Update: Working solution
Inspired from the @ljdyer answer below, I came with the following and this is working perfectly:
def find_file_type_import(file_name):
# Total file extensions possible for importing data
file_type = {'csv':'pd.read_csv(file_name)',
'xlsx':'pd.read_excel(file_name)',
'txt':'pd.read_csv(file_name)',
'parquet':'pd.read_parquet(file_name)',
'json':'pd.read_json(file_name)'
}
df = [eval(val) for key,val in file_type.items() if file_name
.endswith(key)][0]
return df
df = find_file_type_import(file_list [0])

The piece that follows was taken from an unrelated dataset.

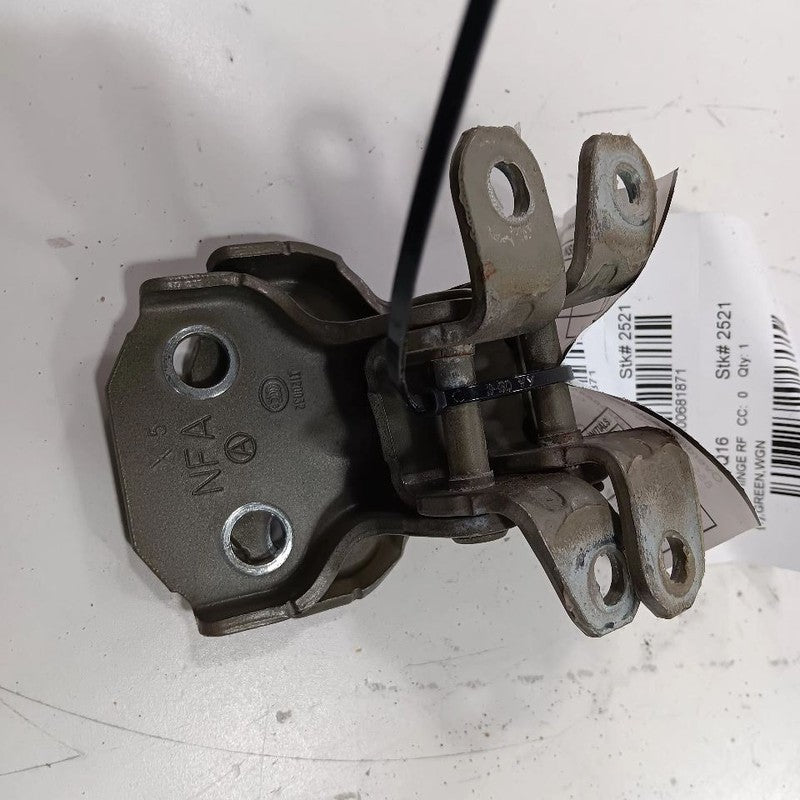 Subaru Outback Legacy Door Hinge Set Right Front Passenger  2018 2017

This is working perfectly. Thank you for your valuable suggestions. ALso, correct me with the use of eval
is good one or not?
CodePudding user response:
The file type is just the three or four letters at the end of the file name, so the simplest way to do this would just be:
if file_list[i].endswith('csv'):
etc.
Other commons options would be os.path.splitext
or the suffix
attribute of a Path
object from the built-in os
and pathlib
libraries respectively.
The way you are merging looks fine, but I'm not sure why you are using percent notation for the parameters to read_
, set_index
, etc. The elements of your list are just strings anyway, so for example
tdf = pd.read_csv('%s'%(file_list[i])))
could just be:
tdf = pd.read_csv(file_list[i])
CodePudding user response:
You can use glob (or even just os) to retrieve the list of files from a part of their name. Since you guarantee the uniqueness of the file irrespective of the extension, it will only be one (otherwise just put a loop that iterates over the retrieved elements).

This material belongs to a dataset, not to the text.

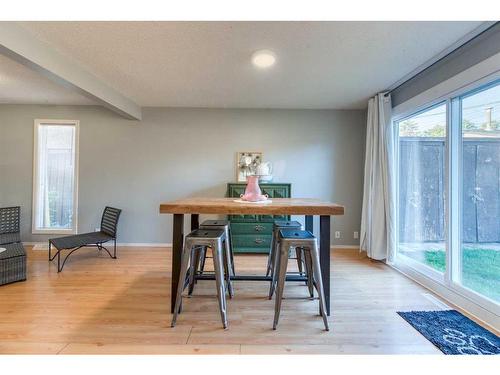 8518 47 Avenue Nw, Calgary, AB - Indoor Photo Showing Dining Room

Once you have the full file name (which clearly has the extension), just do a split() taking the last element obtained that corresponds to the file extension.
Then, you can read the dataframe with the appropriate function.

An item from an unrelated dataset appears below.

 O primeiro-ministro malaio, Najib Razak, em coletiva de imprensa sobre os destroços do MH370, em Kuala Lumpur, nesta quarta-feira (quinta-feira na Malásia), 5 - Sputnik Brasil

Here is an example of code:
from glob import glob
file_list = [
'dataset0', # corresponds to dataset0.csv
'dataset1', # corresponds to dataset1.xlsx
'dataset2.a'
]
for file in file_list:
files_with_curr_name = glob(f'*{file}*')
if len(files_with_curr_name) > 0:
full_file_name = files_with_curr_name[0] # take the first element, the uniqueness of the file name being guaranteed
# extract the file extension (string after the dot, so the last element of split)
file_type = full_file_name.split(".")[-1]
if file_type == 'csv':
print(f'Read {full_file_name} as csv')
# df = pd.read_csv(full_file_name)
elif file_type == 'xlsx':
print(f'Read {full_file_name} as xlsx')
else:
print(f"Don't read {full_file_name}")
Output will be:
Read dataset0.csv as csv
Read dataset1.xlsx as xlsx
Don't read dataset2.a
CodePudding user response:
Using pathlib and a switch dict to call functions.
from pathlib import Path
import pandas as pd
def main(file: Path) -> None:
caller = {
".csv": read_csv,
".xlsx": read_excel,
".pkl": read_pickle
}
print(caller.get(file.suffix)(file))
def read_csv(file: Path) -> pd.DataFrame:
return pd.read_csv(file)
def read_excel(file: Path) -> pd.DataFrame:
return pd.read_excel(file)
def read_pickle(file: Path) -> pd.DataFrame:
return pd.read_pickle(file)
if __name__ == "__main__":
files = [x for x in Path(f"{Path().home()}/Documents/").glob("*") if x.suffix in [".csv", ".xlsx", ".pkl"]]
[main(x) for x in files]